How does presbyopia affect my current refractive status?

Myopia & Presbyopia

Myopia = nearsightedness
             -A prescription is worn to clear up distance tasks
Those with moderate myopia & presbyopia may notice
             -with their distance glasses on, reading is difficult
             -with their distance glasses off, reading is clear and comfortable

This occurs because due to the curvature of the cornea, and length of the eye,
myopes eyes are focused for near without glasses
(depending on the prescription)

Hyperopia & Presbyopia

Hyperopia = farsightedness
             -A prescription may be worn to see at distance, but mostly worn for near work
Those with moderate hyperopia & presbyopia may notice:
             -presbyopia occurs a few years earlier
             -early on, reading glasses are helpful
             -over time, many are relying on a prescription for computer and up close work
             -later, a prescription is necessary for distance, computer, and reading

The reason for this is with moderate hyperopes, the lens is being used not only for near but for distance also. As the lens’ ability to focus slowly diminishes over time due to presbyopia, the blur is noticed first at near, then at intermediate, and eventually at distance.

Astigmatism & Presbyopia

Astigmatism = two separate curvatures on the cornea
             -A prescription may be worn for distance and near
Those with moderate astigmatism & presbyopia may notice:
             -the majority will need a reading portion added to the current prescription

Astigmatism causes blur at distance and reading length. Presbyopia sets in
and causes added blur at near, therefore a bifocal portion or separate reading glasses with the astigmatism incorporated are necessary.

Diagnostic testing
a) Visual acuity at distance and near
b) Refraction
c) Accommodative testing

Treatment and management
There are several treatment and management options for presbyopia.
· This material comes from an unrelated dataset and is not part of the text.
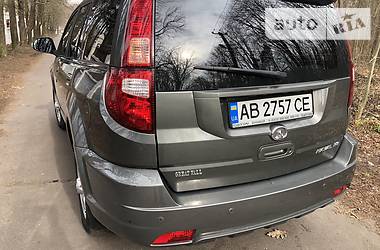 Great Wall Haval H3 4*4 ГБО 2014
It is important to be aware of your needs and daily tasks along with your treatment options in order to determine which one will best serve your needs.

a) Glasses
         Reading only
         Separate distance and reading
         Bifocals
b) Contact lenses
         Soft Contact Lenses
             -with reading glasses
             -bifocal soft contact lenses
             -monovision soft contact lenses - (one eye focused for distance, one eye focused for near)
         Rigid Gas Permeable
            -with reading glasses
            -bifocal rigid gas permeable lenses
            -monovision rigid gas permeable lenses
c) Refractive surgery
          Laser procedure to eliminate distance prescription with readers for near
          Laser procedure with monovision – 1 eye focused for distance
          1 eye focused for near

Myopia

What is Myopia?

Myopia is a type of refractive error or glasses prescription. Those that have difficulty seeing at distance, but can see clearly up close, are nearsighted or myopic. Anatomically, myopia occurs because the eye is longer or the cornea is steeper than average, causing the image to be focused in front of the retina. This leaves a blur spot of that image on the back of the eye, which is perceived as unclear. Myopia follows a pattern of showing up within the first to second decade of life, and can continue to progress until one is in their mid-twenties to thirties. Myopia can be inherited, and those with a family history of nearsightedness run an increased risk of manifesting myopia.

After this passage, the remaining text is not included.